Special Evaluation Specifications for Decision Rules: How to Support Very Smart, Very Friendly Business Decision Systems

Ronald G.  Ross
Ronald G. Ross Co-Founder & Principal, Business Rule Solutions, LLC , Executive Editor, Business Rules Journal and Co-Chair, Building Business Capability (BBC) Read Author Bio       || Read All Articles by Ronald G. Ross

A breach occurs for a business rule when the business rule isn't satisfied upon being applied to some set of circumstances (state of affairs).  Normally we think about breaches occurring for behavioral rules, where a breach means a violation has occurred (e.g., you violated the posted speed limit).

The potential for violations of behavioral rules raises several important questions that business analysts should answer in advance of deployment for each behavioral rule:[1]

  1. What level of enforcement should be applied?

  2. What special response to a violation is appropriate, if any?

  3. What special message, if any, should be returned to some worker(s) upon a violation?

Unlike behavioral rules, no definitional rule[2] can ever be violated.  Literally, things must be correct under such rules by definition.

Let's take an example.  Suppose somebody asserts "2+2=5".  According to the rules of mathematics, we know the correct answer is 4.  The answer "5" is deemed irrevocably wrong.  But is the asserted answer ever allowed to stand?

  • If the rule is defined as a decision rule, the asserted answer is never allowed to stand.  More precisely, the assertion would never be recognized to have happened in the first place.  If someone asserts "2+2" the answer "4" is concluded immediately.  Period.  No breach, no opportunity for error.

  • If defined as a behavioral rule (one that is not strictly enforced), the asserted answer is allowed to stand, but a violation is recognized.  How might that capability be useful?  Suppose the error were made by a student in grade school.  It might be quite useful for the student and/or a tutor to know about it immediately and automatically.  Specifying an appropriate violation response can make such notification happen.

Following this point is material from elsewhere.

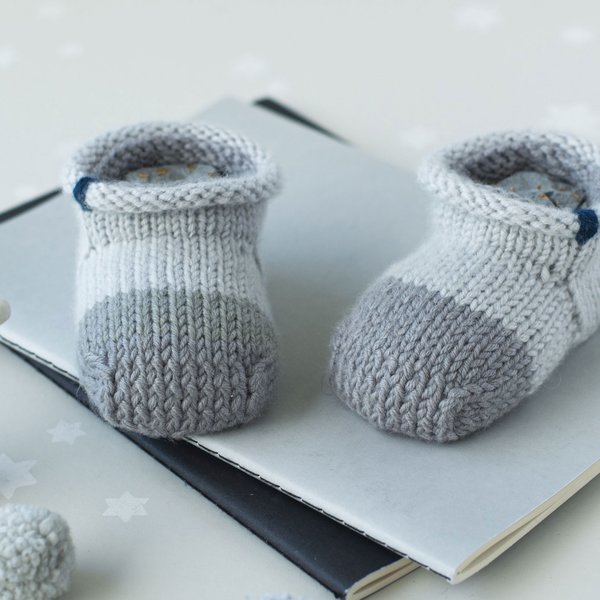 ‘Tom’ Stay-On Baby Shoe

In business, of course, definitional rules can be far more complex.  Nonetheless, your ability to respond in appropriate ways to the specific, selective circumstances where certain rule-related events occur — automatically and independently of processes — provides exactly the mechanism you need to support very smart, very friendly operational business decision systems.

Decision Rules and Breaches

Decision rules[3] are a special kind of definitional rule involving implications (e.g., A implies B).  They support inferences and determinations — identifying an appropriate outcome from among a set of alternatives.

Like all decision rules, definitional rules cannot be violated.  They are simply deemed true by definition.

Purely from a business perspective, however, some assertions of fact(s) may make it appear that a breach-like event has occurred.  I take pains to emphasize any such perception is purely from the business perspective, not from the perspective of logic.  You perceive a breach of a decision rule simply because it's useful to do so, not because any true violation has occurred.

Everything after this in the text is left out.